Hay que escuchar a estas mujeres cuando hablan de su padre. No saben por dónde empezar. Que si el padre las cargaba cuando eran chiquitas, que si las llevaba de la mano al parque, que si entraba a la casa cargado de regalos. O que si era un hombre hosco, que de repente se asomaba a la ventana y se quedaba mirando el vacío por horas. Que más bien no era dado a repartir besos ni regalos, lo cual es lo de menos. Que pasaba horas delante de la tele mirando el futbol y bebiendo cerveza, en su justo derecho porque toda la semana el trabajo no le permitía un minuto de descanso. O que si le gustaba tocar la guitarra, comer tortas de pierna, salir a pasear los domingos y encerar él mismo su automóvil.
Las mujeres se ven aún más hermosas cuando hablan de su padre muerto. Se transforman.
Cualquier padre sabe que siempre tendrá un lugar en el corazón de su hija. Esté vivo o muerto. Sabe que podrá aparecérsele a su hija en sueños. O que simplemente podrá venir del más allá y sentarse a platicar con ella cuando la noche acontezca.
Pero en la misma medida que cualquier mujer, la hija exige. Atención, ternura, palabras que alimentan el espíritu. La hija lo retribuirá con creces. Es el ser más dulce sobre el planeta. El padre sabe que está preparando esa persona para que el día de mañana otro hombre se la lleve. La está educando para que sea un enlace entre él y el próximo marido. Le está diciendo sí a la vida de esta forma. En nadie más ha centrado todo su conocimiento y su experiencia.
Es la mejor carta que le dio la vida.
El cínico le lleva enorme ventaja al resto de los hombres. Su categoría de cínico le permite adaptarse a las circunstancias más difíciles o embarazosas. No tiene que dar cuentas a nadie –como el resto de los mortales– de los actos que emprende. Para él, las cosas se acomodan a su modo de ver la vida. El que no quiera ajustarse a su criterio, que siga su camino.
El cínico se deja llevar por la corriente de los vientos. Nunca de los nuncas constituye un obstáculo. Descree de los preceptos que guían el criterio de los hombres sin criterio. Él le ve el lado bueno a la vida. Sabe que las cosas no tienen compostura, o en todo caso que otros se encarguen de arreglarlo.

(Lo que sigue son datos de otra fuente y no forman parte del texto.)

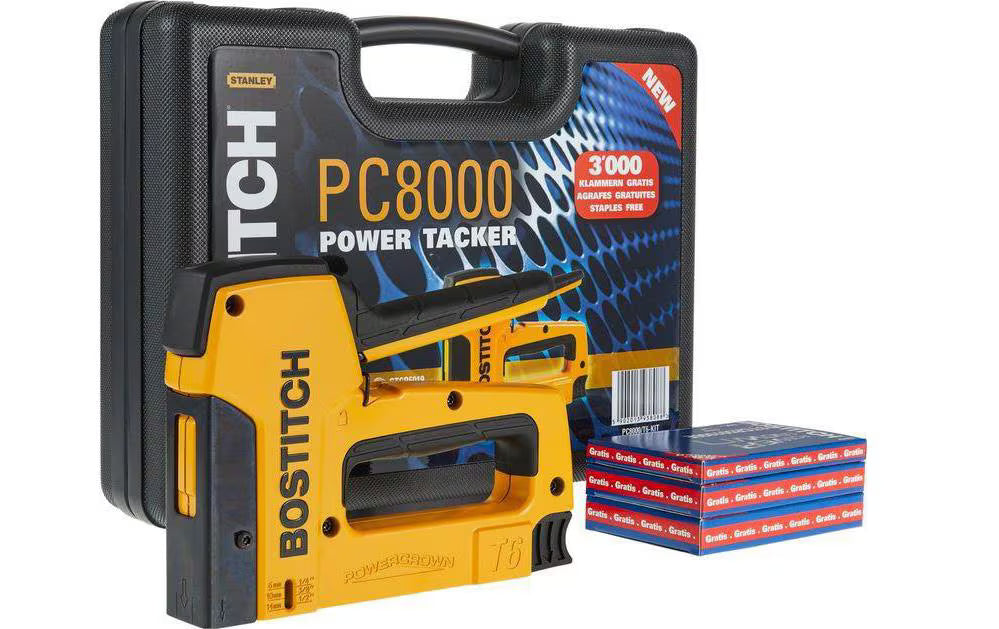 Bostitch Heftpistole PC8000 Kit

Revisa la historia y advierte que los ganones siempre son los mismos, es decir quienes sospechosamente creyeron en sus ideales. Para que a la vuelta del tiempo traicionaran sus valores. Ese ir y venir lo pone contra la pared. Mejor ser un cínico, se dice. Mejor no creer en nada, ni en uno mismo, se repite. Y dejar que la vorágine de los conflictos arruine los sueños de los idealistas, de los que mueren por sus convicciones.

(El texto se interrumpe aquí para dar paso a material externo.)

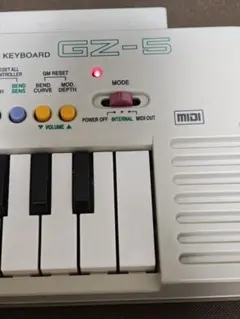 CASIO GZ-5 MIDIマスターピアノのサムネイル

El cínico lleva en la mano su verdad, que incomoda y provoca malestar en unos y urticaria en otros. La exhibe en los momentos álgidos, a modo de una cuchilla despiadada pero envuelta en fina seda. Cuando ninguno de los interlocutores se la esperaba, la muestra. Todos se vuelven a mirar aquella arma. Su palabra es invencible. Y quienes lo rodean lo saben. El hecho de no tomarse las cosas en serio, lo hace resbaloso, como el cuerpo de los gladiadores. Porque los abanderados de la verdad son enemigos acérrimos de enfrascarse en una contienda donde lo único que priva es la inteligencia corrosiva, no la erudición ni mucho menos la solemnidad.